# AutoGluon with Intel® Extension for Scikit-learn* - Kaggle Tabular Playground Series - June 2021

This is an example how Intel(R) Extension for Scikit-learn improves AutoGluon performance for one of Kaggle Playground competitions ([Kaggle Tabular Playground Series - June 2021](https://www.kaggle.com/c/tabular-playground-series-jun-2021/overview)). Also, it might be applicable for other classification competitions with little changes.

[Intel(R) Extension for Scikit-learn](https://github.com/intel/scikit-learn-intelex) enables optimized ML kernels from [Intel(R) oneAPI Data Analytics Library](https://github.com/oneapi-src/oneDAL) with just two lines of codes for common cases and zero lines for AutoGluon since it has autopatching if extension is installed.

**AutoGluon installation:**

In [None]:
!pip install autogluon.tabular[all] -q --progress-bar off

**Intel® Extension for Scikit-learn installation:**

In [None]:
!pip install scikit-learn-intelex -q --progress-bar off

In [None]:
import numpy as np
import pandas as pd
import seaborn as sb
import matplotlib.pyplot as plt
from sklearn.metrics import log_loss
from sklearn.model_selection import train_test_split
from timeit import default_timer as timer
import warnings
warnings.simplefilter("ignore", category=DeprecationWarning)

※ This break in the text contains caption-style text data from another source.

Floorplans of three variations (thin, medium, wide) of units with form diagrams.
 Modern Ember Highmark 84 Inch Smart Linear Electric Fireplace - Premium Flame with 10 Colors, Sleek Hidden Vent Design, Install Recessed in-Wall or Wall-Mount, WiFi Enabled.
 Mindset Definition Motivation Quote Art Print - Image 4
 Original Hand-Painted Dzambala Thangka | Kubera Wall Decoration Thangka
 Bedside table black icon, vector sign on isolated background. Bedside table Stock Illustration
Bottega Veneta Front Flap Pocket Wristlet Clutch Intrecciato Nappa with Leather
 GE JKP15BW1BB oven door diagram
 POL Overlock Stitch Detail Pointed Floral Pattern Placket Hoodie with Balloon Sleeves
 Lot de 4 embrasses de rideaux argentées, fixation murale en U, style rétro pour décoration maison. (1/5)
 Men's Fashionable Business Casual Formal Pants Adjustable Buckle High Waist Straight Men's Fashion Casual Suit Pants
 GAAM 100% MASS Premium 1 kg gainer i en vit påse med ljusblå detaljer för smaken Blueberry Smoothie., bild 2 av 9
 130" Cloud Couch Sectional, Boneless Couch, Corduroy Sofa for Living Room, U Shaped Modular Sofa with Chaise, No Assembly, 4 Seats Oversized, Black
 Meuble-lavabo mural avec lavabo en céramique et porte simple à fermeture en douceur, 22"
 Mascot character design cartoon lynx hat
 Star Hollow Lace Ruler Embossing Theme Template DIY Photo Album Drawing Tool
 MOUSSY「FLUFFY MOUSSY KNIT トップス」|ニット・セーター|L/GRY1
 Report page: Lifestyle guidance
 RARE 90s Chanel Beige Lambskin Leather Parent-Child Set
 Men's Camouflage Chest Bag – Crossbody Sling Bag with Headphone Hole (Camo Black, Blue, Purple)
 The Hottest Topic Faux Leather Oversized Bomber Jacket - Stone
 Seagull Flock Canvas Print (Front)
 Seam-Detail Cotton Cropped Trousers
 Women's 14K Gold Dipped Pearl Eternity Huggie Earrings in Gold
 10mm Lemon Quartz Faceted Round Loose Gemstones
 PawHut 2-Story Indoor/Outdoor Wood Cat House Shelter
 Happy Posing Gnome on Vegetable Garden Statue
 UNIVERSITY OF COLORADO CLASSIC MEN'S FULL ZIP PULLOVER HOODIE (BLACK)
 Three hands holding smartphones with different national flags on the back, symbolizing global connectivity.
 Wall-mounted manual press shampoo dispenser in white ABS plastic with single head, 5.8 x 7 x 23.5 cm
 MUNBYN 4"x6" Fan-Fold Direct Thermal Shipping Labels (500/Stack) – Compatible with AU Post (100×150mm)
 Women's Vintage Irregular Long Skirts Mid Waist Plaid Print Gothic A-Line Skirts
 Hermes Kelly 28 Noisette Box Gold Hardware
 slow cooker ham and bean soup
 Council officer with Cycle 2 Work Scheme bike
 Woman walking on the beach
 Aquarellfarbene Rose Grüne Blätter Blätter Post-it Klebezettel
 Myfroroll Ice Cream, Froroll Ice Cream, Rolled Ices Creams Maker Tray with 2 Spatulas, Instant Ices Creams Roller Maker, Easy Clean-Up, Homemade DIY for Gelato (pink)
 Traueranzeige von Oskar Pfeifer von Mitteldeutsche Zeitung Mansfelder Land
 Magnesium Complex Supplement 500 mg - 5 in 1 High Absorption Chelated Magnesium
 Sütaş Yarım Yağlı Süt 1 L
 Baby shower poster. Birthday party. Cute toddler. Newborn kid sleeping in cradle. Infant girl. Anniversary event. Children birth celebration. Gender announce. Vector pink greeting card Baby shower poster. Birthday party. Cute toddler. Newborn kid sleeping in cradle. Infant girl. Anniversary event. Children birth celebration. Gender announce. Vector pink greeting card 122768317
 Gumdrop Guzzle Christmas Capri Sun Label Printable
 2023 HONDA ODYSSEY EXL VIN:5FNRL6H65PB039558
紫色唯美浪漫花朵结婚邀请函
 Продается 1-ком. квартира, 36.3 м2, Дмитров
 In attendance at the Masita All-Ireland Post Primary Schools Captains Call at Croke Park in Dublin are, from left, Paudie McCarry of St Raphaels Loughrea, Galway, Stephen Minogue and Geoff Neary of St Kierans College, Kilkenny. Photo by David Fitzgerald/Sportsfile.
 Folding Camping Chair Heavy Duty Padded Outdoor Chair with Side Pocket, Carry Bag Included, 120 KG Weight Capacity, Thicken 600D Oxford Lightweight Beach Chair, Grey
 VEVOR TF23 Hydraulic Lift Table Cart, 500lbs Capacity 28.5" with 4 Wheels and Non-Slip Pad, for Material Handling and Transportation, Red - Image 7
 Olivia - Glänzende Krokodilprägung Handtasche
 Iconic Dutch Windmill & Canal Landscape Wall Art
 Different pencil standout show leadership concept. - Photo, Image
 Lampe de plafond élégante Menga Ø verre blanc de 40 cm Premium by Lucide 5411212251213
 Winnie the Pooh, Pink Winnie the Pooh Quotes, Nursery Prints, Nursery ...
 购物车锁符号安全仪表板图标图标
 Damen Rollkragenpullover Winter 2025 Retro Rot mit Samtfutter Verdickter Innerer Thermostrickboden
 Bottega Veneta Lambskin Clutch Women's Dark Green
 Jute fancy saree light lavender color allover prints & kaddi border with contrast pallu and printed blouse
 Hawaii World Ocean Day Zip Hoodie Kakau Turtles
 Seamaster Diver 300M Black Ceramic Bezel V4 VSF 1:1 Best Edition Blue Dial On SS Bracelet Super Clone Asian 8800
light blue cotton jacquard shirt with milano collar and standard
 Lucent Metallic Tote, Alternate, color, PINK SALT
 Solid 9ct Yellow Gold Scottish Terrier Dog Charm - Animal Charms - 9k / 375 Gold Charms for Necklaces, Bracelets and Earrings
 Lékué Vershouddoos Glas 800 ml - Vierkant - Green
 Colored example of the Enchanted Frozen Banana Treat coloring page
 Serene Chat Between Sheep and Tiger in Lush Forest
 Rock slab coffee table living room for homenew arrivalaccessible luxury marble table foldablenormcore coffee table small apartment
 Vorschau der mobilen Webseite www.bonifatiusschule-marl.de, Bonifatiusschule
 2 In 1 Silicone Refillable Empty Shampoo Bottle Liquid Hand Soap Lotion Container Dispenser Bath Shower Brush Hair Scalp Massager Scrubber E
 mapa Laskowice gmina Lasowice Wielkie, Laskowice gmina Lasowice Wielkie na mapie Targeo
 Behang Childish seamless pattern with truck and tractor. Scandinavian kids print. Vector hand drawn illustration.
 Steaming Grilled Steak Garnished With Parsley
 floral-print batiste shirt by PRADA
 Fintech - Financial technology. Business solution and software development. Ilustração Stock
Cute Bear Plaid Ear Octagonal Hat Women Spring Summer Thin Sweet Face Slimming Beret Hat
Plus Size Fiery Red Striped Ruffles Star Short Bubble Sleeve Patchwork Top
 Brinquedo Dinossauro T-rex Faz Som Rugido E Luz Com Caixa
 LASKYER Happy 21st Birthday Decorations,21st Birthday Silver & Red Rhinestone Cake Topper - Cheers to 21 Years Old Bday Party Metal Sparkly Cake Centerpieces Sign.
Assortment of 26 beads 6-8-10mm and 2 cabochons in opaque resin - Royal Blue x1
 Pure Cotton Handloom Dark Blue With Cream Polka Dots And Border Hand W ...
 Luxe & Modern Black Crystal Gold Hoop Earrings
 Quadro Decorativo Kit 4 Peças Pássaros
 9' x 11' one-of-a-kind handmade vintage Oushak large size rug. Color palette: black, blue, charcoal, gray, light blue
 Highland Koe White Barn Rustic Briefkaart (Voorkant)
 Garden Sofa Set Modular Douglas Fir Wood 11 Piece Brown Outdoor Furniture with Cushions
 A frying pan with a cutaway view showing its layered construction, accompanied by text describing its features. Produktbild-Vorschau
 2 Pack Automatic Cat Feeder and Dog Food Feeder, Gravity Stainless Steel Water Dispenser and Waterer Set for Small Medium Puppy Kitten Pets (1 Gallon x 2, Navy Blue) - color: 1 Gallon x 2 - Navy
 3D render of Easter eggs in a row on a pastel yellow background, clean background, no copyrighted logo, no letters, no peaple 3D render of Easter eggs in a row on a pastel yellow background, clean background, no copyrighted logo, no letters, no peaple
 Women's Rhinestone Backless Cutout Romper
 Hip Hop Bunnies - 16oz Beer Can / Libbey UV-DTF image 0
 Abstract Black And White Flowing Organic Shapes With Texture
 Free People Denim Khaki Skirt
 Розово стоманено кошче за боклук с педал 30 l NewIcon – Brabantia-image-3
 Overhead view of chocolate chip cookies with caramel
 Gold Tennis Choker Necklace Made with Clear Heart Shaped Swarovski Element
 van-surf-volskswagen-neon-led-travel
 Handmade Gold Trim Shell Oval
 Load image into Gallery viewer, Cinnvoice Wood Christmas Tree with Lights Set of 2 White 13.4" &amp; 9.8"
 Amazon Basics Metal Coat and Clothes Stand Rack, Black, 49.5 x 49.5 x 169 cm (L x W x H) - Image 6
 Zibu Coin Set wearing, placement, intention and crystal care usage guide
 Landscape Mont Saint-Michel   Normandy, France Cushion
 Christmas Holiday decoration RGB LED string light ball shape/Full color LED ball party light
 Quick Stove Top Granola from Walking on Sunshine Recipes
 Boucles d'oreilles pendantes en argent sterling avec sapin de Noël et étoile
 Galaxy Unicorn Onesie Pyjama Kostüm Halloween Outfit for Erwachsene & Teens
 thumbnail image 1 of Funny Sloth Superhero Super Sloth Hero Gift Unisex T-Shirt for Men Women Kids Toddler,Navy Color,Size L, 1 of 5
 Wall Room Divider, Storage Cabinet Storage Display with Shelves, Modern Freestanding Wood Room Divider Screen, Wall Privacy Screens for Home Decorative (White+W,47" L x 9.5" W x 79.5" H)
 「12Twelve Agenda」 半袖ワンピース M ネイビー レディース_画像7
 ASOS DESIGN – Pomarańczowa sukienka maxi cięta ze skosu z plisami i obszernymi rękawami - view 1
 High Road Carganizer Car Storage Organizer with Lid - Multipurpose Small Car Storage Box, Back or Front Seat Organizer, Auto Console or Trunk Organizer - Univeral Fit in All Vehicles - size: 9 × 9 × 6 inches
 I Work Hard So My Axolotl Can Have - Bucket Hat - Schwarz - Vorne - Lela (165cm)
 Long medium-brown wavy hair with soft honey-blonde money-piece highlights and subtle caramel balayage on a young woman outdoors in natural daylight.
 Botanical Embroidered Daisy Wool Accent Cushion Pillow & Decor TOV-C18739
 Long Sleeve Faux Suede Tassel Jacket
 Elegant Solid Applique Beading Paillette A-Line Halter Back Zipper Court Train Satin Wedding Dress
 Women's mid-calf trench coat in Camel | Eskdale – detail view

### Loading and analysis of data

In [None]:
competition_prefix = 'tabular-playground-series-jun-2021'

train_data = pd.read_csv(f'../input/{competition_prefix}/train.csv', index_col='id')
test_data = pd.read_csv(f'../input/{competition_prefix}/test.csv', index_col='id')
sample_submission = pd.read_csv(f'../input/{competition_prefix}/sample_submission.csv', index_col='id')

random_state = 42
train_data, valid_data = train_test_split(train_data, test_size=0.2, random_state=random_state)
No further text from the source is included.